*Exercise aim*.
Output exactly, and only, the lines below from the one with "Hello friends, welcome" down to the one with "Hello everybody and". Include both end lines and no pictures.

Content starts

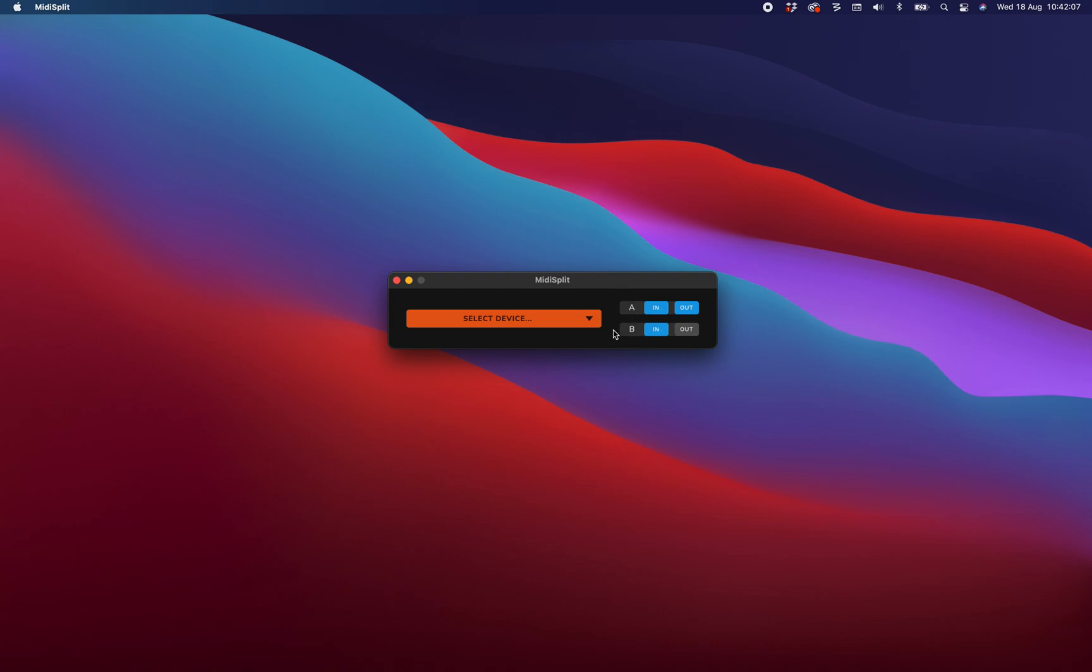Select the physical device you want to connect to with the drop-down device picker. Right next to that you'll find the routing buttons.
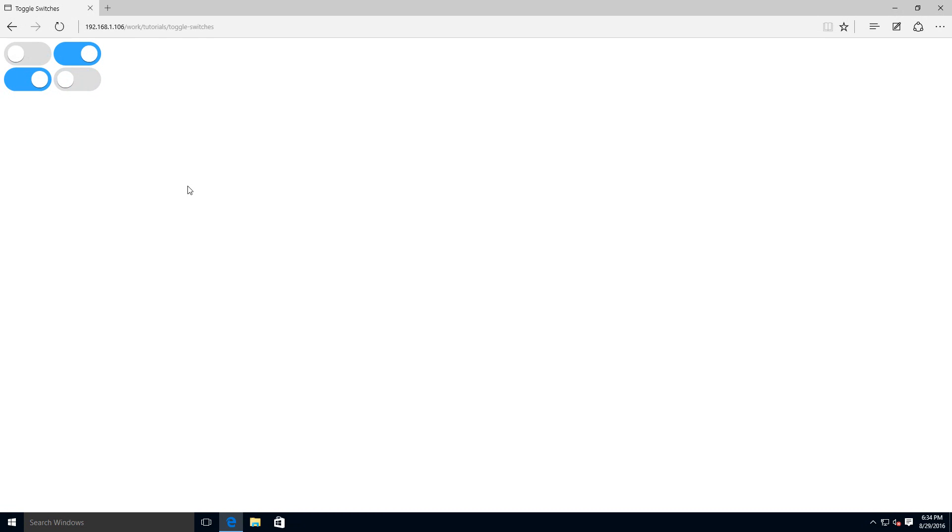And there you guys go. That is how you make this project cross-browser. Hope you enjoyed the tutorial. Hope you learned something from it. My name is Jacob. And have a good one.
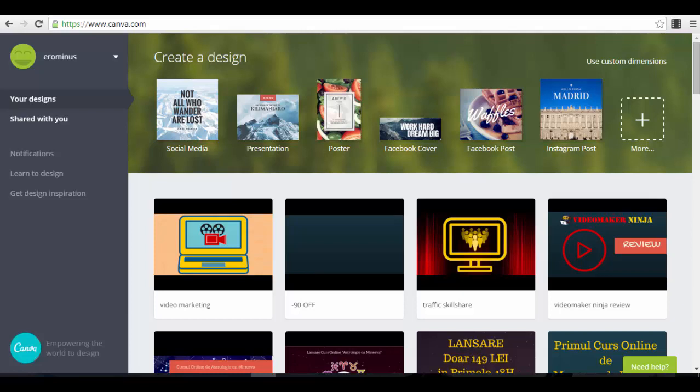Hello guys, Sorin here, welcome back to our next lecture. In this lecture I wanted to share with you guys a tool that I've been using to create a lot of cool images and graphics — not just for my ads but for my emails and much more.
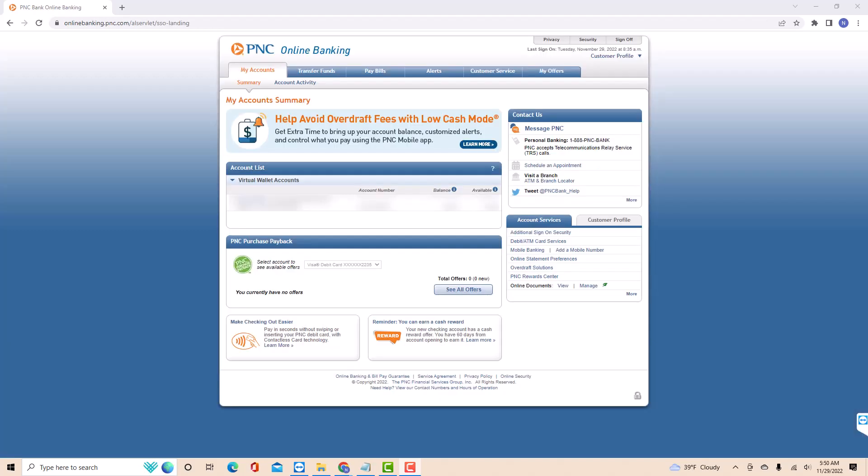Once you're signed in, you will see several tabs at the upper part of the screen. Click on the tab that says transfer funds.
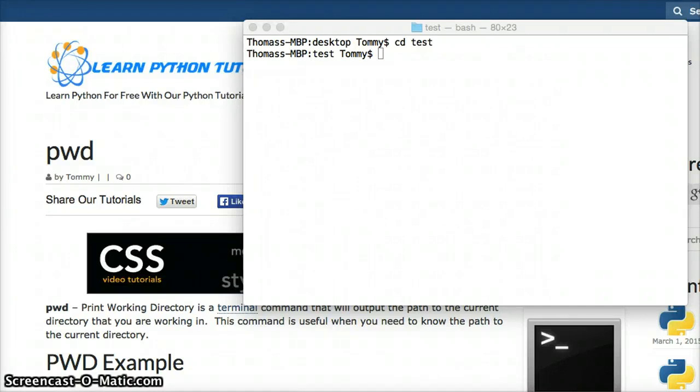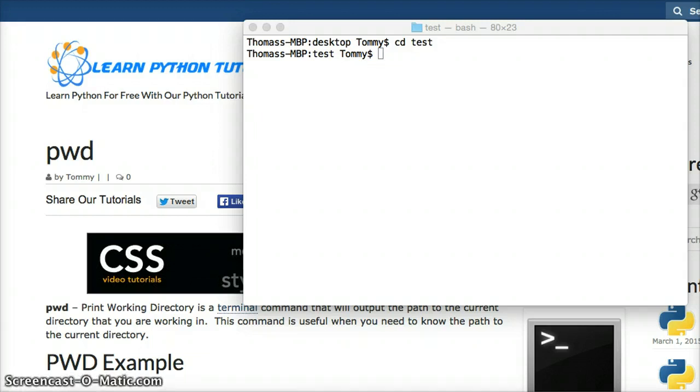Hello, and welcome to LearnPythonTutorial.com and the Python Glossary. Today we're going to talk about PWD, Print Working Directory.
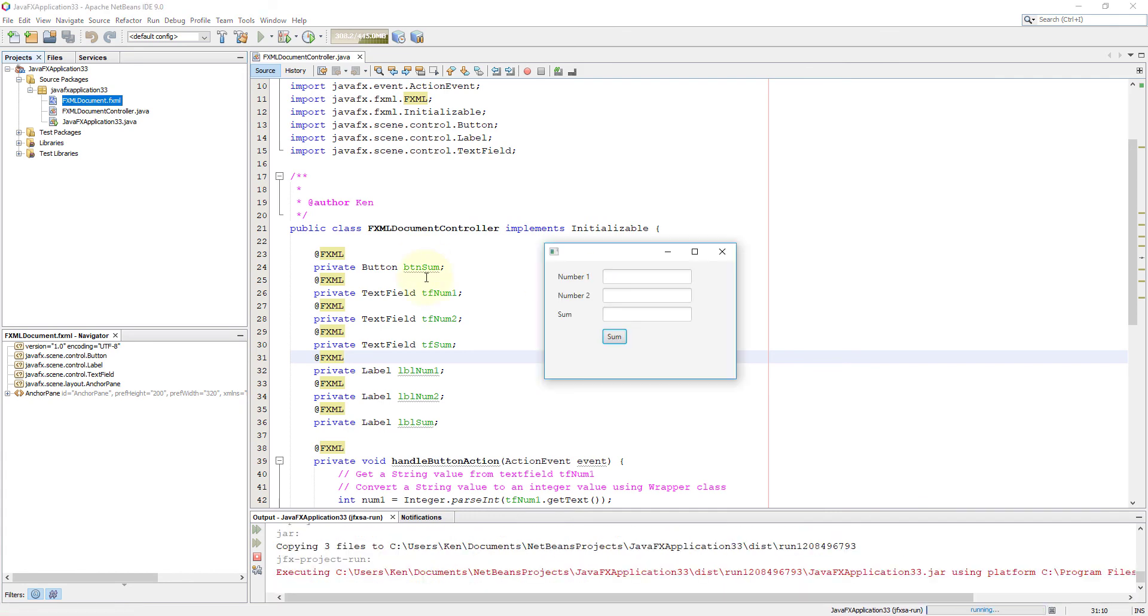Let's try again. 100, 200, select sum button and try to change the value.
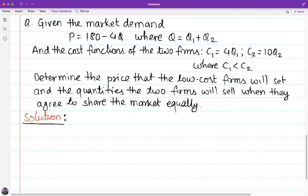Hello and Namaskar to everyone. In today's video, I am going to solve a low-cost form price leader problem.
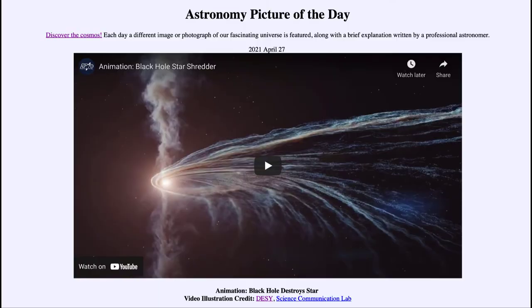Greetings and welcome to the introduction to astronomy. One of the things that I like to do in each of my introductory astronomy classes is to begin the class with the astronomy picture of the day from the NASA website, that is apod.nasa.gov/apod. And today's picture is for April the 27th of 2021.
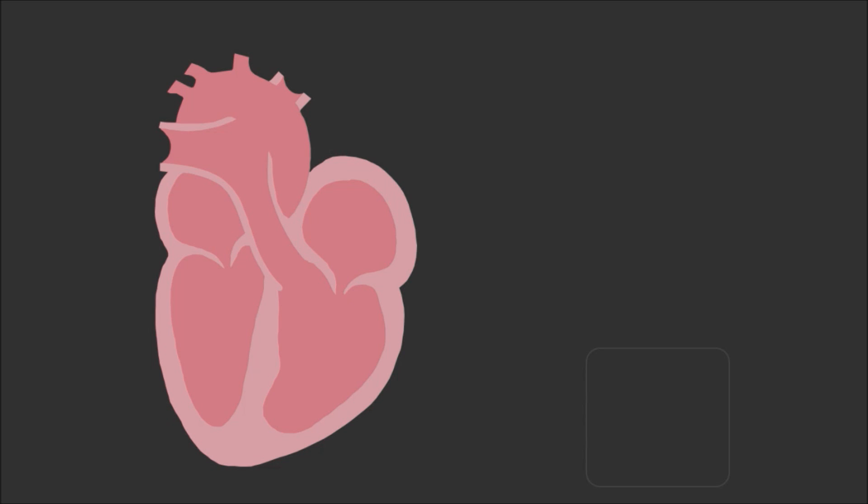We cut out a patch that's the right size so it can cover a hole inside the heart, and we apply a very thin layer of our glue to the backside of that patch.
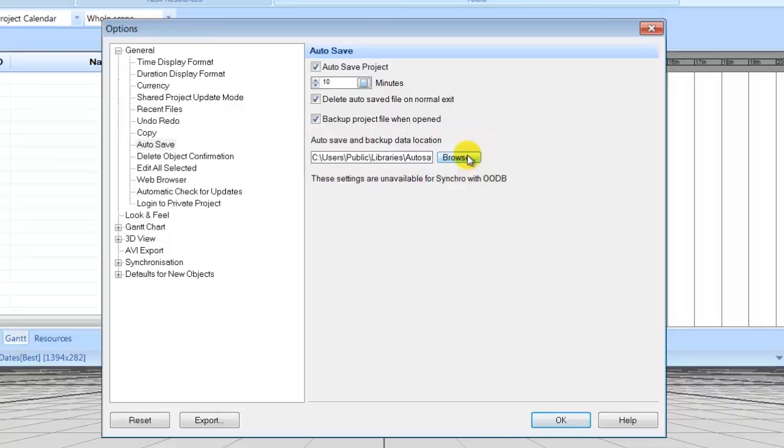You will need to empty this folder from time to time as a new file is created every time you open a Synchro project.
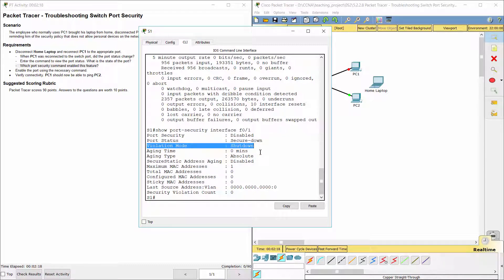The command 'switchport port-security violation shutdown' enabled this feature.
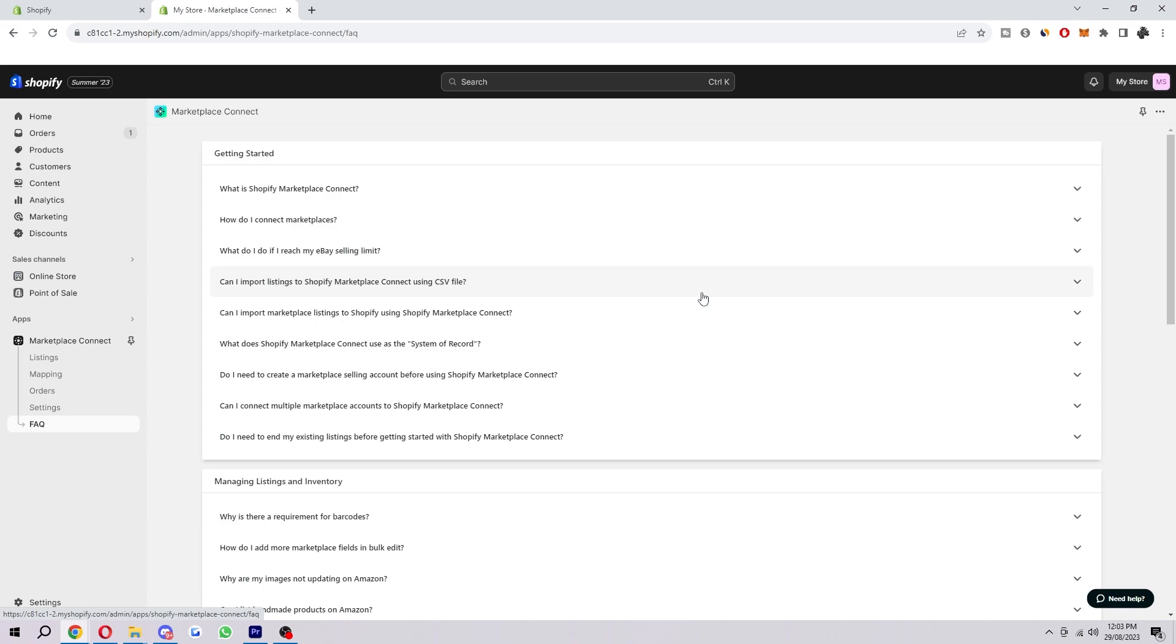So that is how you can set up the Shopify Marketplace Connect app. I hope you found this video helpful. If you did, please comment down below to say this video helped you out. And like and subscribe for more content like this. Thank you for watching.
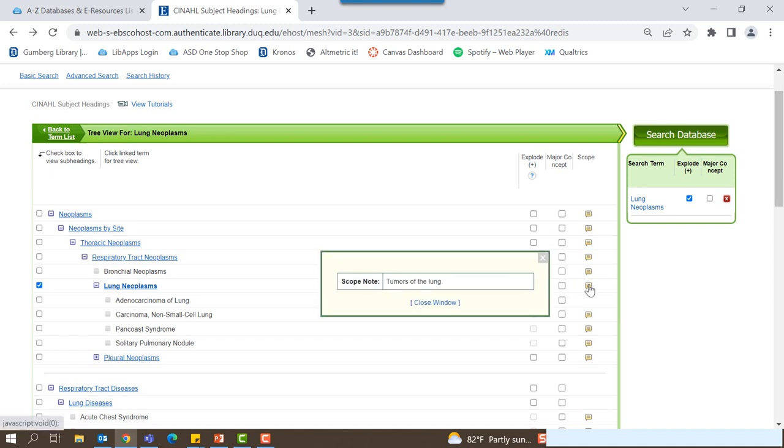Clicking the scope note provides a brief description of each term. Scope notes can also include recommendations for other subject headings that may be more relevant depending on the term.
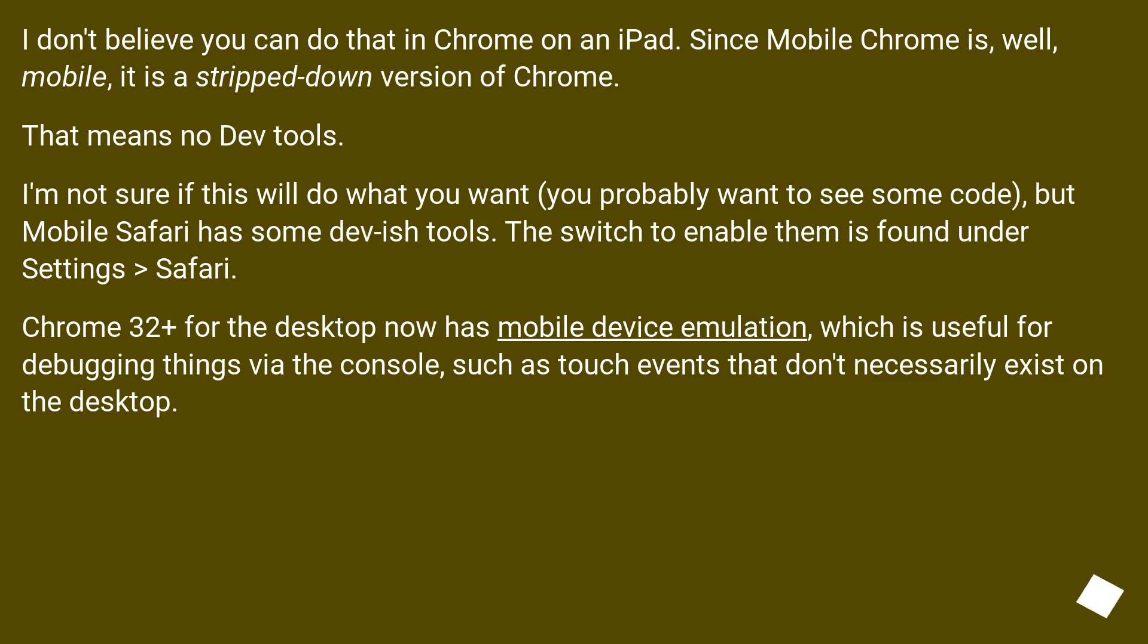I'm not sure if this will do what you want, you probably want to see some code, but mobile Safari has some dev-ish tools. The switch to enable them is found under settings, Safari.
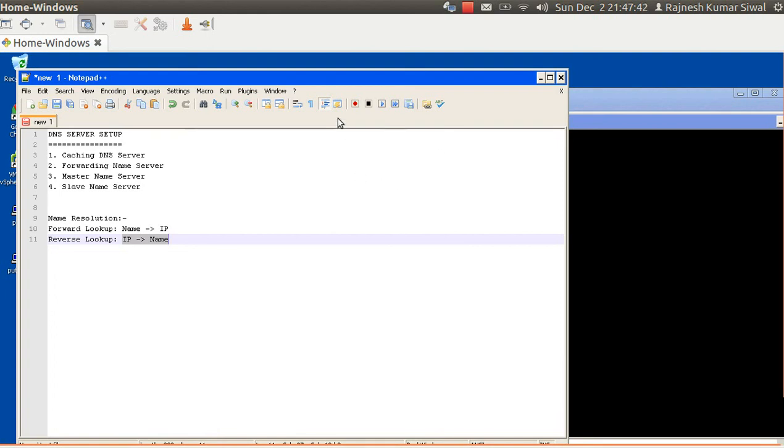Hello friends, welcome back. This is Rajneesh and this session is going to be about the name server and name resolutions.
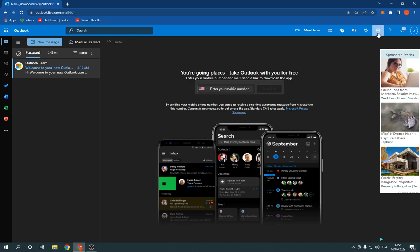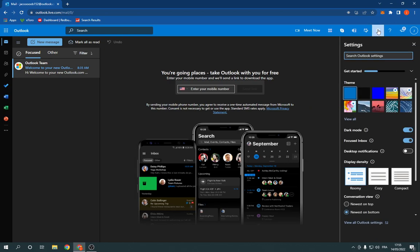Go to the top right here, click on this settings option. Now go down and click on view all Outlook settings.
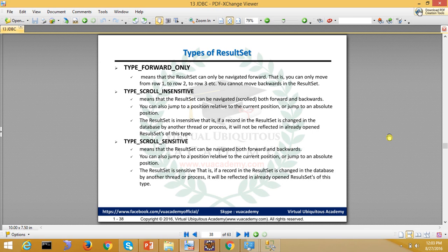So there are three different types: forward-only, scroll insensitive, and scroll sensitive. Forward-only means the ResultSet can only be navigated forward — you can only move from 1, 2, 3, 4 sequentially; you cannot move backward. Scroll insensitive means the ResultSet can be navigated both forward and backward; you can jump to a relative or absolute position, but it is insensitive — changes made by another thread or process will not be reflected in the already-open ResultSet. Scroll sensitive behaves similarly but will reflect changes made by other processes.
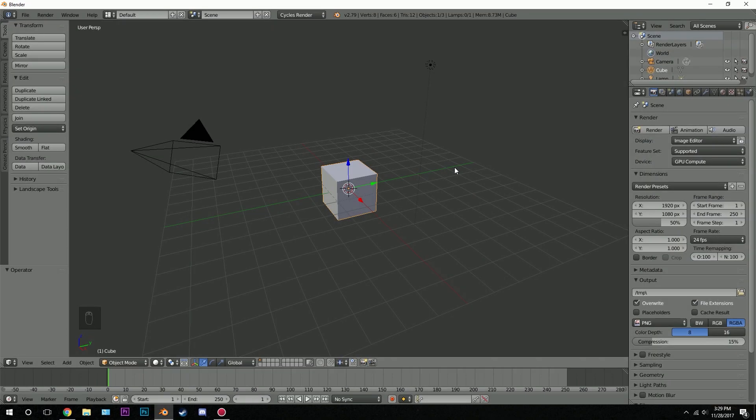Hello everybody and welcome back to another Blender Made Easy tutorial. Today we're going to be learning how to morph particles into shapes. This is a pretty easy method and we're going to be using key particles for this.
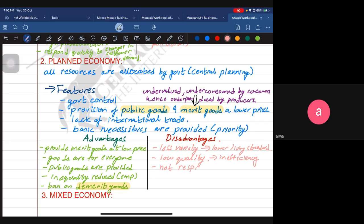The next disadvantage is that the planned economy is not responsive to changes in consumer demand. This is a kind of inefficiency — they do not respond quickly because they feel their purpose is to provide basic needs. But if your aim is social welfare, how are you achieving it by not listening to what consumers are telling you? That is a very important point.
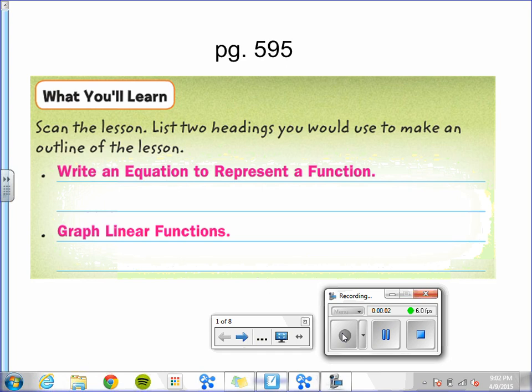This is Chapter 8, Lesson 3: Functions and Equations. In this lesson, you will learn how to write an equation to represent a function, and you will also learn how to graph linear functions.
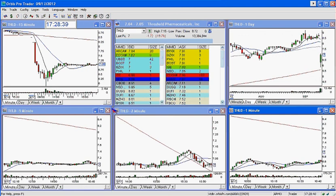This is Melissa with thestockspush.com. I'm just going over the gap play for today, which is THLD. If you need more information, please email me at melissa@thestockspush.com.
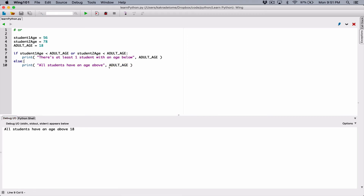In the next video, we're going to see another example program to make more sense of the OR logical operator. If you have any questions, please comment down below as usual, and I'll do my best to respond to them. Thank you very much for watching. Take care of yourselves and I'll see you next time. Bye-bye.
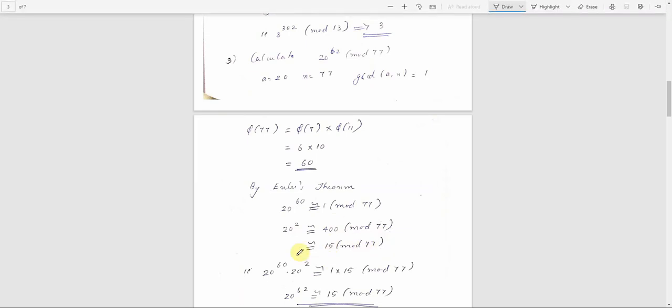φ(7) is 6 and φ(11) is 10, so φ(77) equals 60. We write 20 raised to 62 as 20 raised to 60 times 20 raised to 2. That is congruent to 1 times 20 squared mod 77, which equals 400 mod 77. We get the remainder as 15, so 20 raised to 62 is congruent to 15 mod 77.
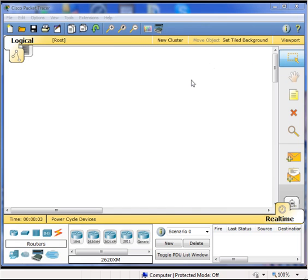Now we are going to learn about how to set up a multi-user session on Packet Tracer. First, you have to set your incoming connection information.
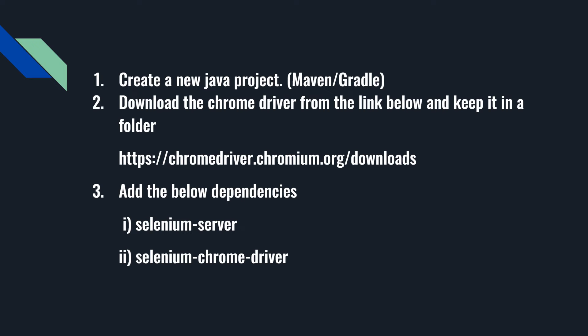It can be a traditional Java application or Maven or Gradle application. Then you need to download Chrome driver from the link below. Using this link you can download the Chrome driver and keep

Content ends

*Solved exercise*.
Hello friends, welcome back. This is Rajneesh and this session is going to be about the name server and name resolutions.
Go to the top right here, click on this settings option. Now go down and click on view all Outlook settings.
So there are three different types: forward-only, scroll insensitive, and scroll sensitive. Forward-only means the ResultSet can only be navigated forward — you can only move from 1, 2, 3, 4 sequentially; you cannot move backward. Scroll insensitive means the ResultSet can be navigated both forward and backward; you can jump to a relative or absolute position, but it is insensitive — changes made by another thread or process will not be reflected in the already-open ResultSet. Scroll sensitive behaves similarly but will reflect changes made by other processes.
Hello everybody and welcome back to another Blender Made Easy tutorial. Today we're going to be learning how to morph particles into shapes. This is a pretty easy method and we're going to be using key particles for this.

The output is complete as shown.